*** TASK INPUTS

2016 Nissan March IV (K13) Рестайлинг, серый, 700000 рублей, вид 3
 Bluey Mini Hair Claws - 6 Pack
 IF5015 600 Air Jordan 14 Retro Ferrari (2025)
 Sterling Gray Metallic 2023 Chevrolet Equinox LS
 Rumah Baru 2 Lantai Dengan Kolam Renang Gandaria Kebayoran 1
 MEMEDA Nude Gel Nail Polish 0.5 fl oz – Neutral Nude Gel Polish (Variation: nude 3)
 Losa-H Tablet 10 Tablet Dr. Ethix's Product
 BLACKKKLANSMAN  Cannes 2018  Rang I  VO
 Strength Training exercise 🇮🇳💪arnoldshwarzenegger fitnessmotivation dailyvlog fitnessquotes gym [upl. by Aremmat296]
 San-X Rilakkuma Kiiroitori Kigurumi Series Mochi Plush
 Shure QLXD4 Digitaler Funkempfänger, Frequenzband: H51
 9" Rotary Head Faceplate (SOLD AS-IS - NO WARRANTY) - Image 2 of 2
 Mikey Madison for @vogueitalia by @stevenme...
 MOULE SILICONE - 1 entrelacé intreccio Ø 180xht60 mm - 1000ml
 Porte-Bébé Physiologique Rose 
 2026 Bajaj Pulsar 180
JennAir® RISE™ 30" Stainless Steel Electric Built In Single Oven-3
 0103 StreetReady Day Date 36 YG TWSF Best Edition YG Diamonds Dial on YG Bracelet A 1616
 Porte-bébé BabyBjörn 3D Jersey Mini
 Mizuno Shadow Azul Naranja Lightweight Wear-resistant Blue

******

DESCRIPTION OF THE TASK: Could you transcribe the records in full, exactly?

WRITTEN SOLUTION:
2016 Nissan March IV (K13) Рестайлинг, серый, 700000 рублей, вид 3
 Bluey Mini Hair Claws - 6 Pack
 IF5015 600 Air Jordan 14 Retro Ferrari (2025)
 Sterling Gray Metallic 2023 Chevrolet Equinox LS
 Rumah Baru 2 Lantai Dengan Kolam Renang Gandaria Kebayoran 1
 MEMEDA Nude Gel Nail Polish 0.5 fl oz – Neutral Nude Gel Polish (Variation: nude 3)
 Losa-H Tablet 10 Tablet Dr. Ethix's Product
 BLACKKKLANSMAN  Cannes 2018  Rang I  VO
 Strength Training exercise 🇮🇳💪arnoldshwarzenegger fitnessmotivation dailyvlog fitnessquotes gym [upl. by Aremmat296]
 San-X Rilakkuma Kiiroitori Kigurumi Series Mochi Plush
 Shure QLXD4 Digitaler Funkempfänger, Frequenzband: H51
 9" Rotary Head Faceplate (SOLD AS-IS - NO WARRANTY) - Image 2 of 2
 Mikey Madison for @vogueitalia by @stevenme...
 MOULE SILICONE - 1 entrelacé intreccio Ø 180xht60 mm - 1000ml
 Porte-Bébé Physiologique Rose 
 2026 Bajaj Pulsar 180
JennAir® RISE™ 30" Stainless Steel Electric Built In Single Oven-3
 0103 StreetReady Day Date 36 YG TWSF Best Edition YG Diamonds Dial on YG Bracelet A 1616
 Porte-bébé BabyBjörn 3D Jersey Mini
 Mizuno Shadow Azul Naranja Lightweight Wear-resistant Blue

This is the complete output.